Paradigma Berpikir Coaching yang perlu dipahami oleh seorang guru pengerak adalah :
- Fokus pada coachee/rekan yang akan dikembangkan
- Bersikap terbuka dan ingin tahu
- Memiliki kesadaran diri yang kuat
- Mampu melihat peluang baru dan masa depan
Prinsip yang perlu dipahami dalam melakukan coaching adalah adanya kemitraan yang  diwujudkan dengan cara membangun kesetaraan dengan orang yang akan kita kembangkan, dan mengedepankan tujuan. Prinsip kedua adalah proses kreatif. Proses kreatif ini dilakukan melalui percakapan dua arah yang memicu proses berpikir coachee, memetakan dan menggali situasi coachee untuk menghasilkan ide-ide baru. Prinsip selanjutnya adalah memaksimalkan potensi yang dilakukan dengan cara mengakhiri percakapan dengan suatu rencana tindak lanjut yang diputuskan oleh rekan yang dikembangkan, yang paling mungkin dilakukan dan paling besar kemungkinan berhasilnya
Kompetensi Inti Coaching yang perlu dikuasai oleh seorang coach yaitu :
- Kehadiran Penuh/PresenceÂ
Kehadiran penuh/presence adalah kemampuan untuk bisa hadir utuh bagi coachee sehingga badan, pikiran, hati selaras saat sedang melakukan percakapan coaching
- Mendengarkan Aktif
Seorang coach yang baik akan mendengarkan lebih banyak dan lebih sedikit berbicara. Fokus dan pusat komunikasi adalah pada diri coachee. Dalam hal ini, seorang coach harus dapat mengesampingkan agenda pribadi termasuk penilaian terhadap coachee.

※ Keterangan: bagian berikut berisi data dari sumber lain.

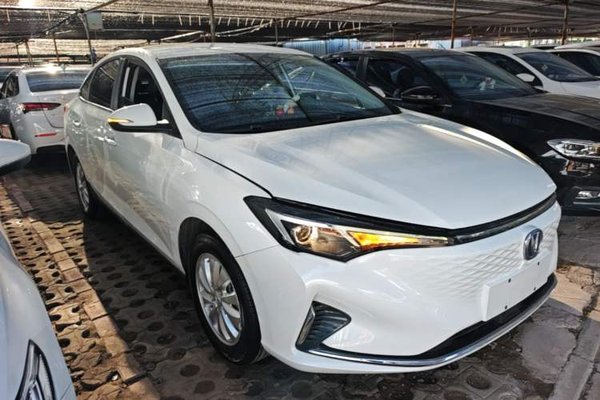 CHANGAN Eado New Energy 2022, 25900 км, за 8993 USD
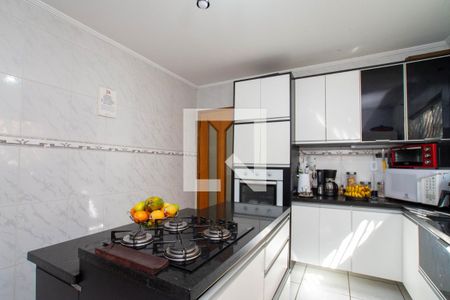 Casa à venda com 150m², 4 quartos e 2 vagas Casa à venda com 150m², 4 quartos e 2 vagasCozinha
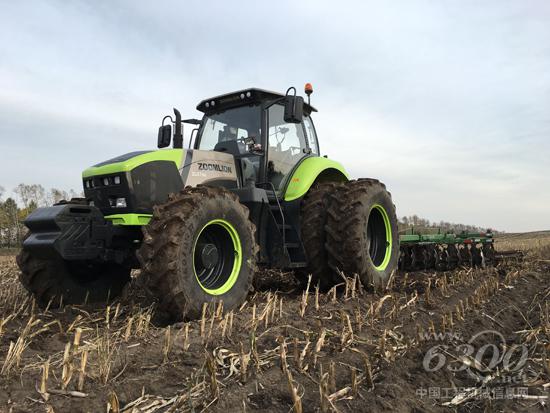 PL2304大馬力拖拉機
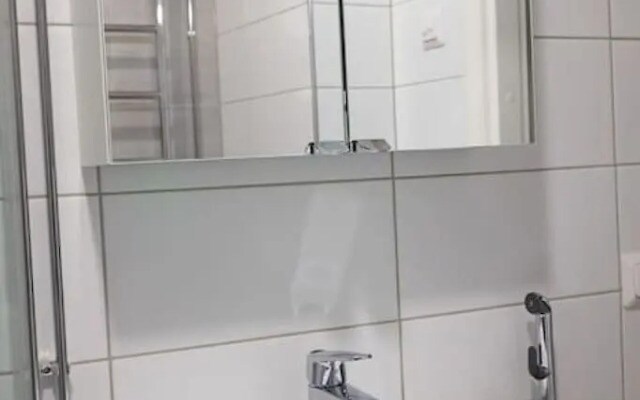 2ndhomes Central 85m2 2BR Apartment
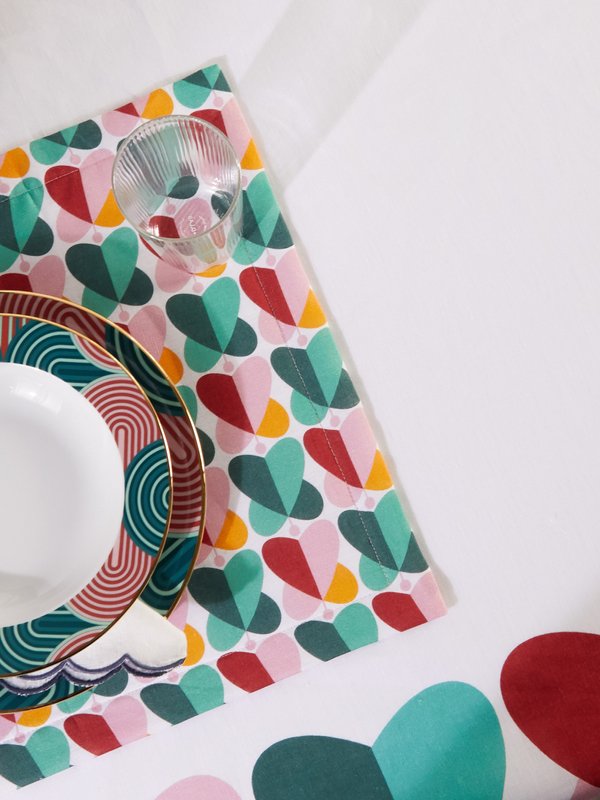 La DoubleJ Farfalle Ring-print 350cm x 180cm linen tablecloth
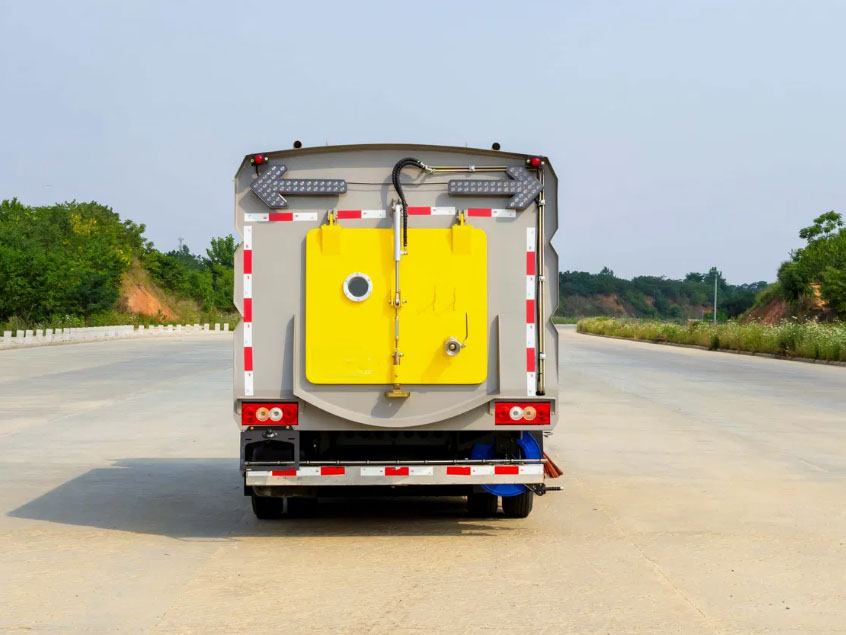 Foton 2.5CBM Truck Mounted Road Sweeper - Image 3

- Mengajukan Pertanyaan Berbobot
Pertanyaan yang diajukan seorang coach diharapkan menggugah orang untuk berpikir dan dapat menstimulasi pemikiran coachee, memunculkan hal-hal yang mungkin belum terpikirkan sebelumnya, mengungkapkan emosi atau nilai dalam diri dan yang dapat mendorong coachee untuk membuat sebuah aksi bagi pengembangan diri dan kompetensi.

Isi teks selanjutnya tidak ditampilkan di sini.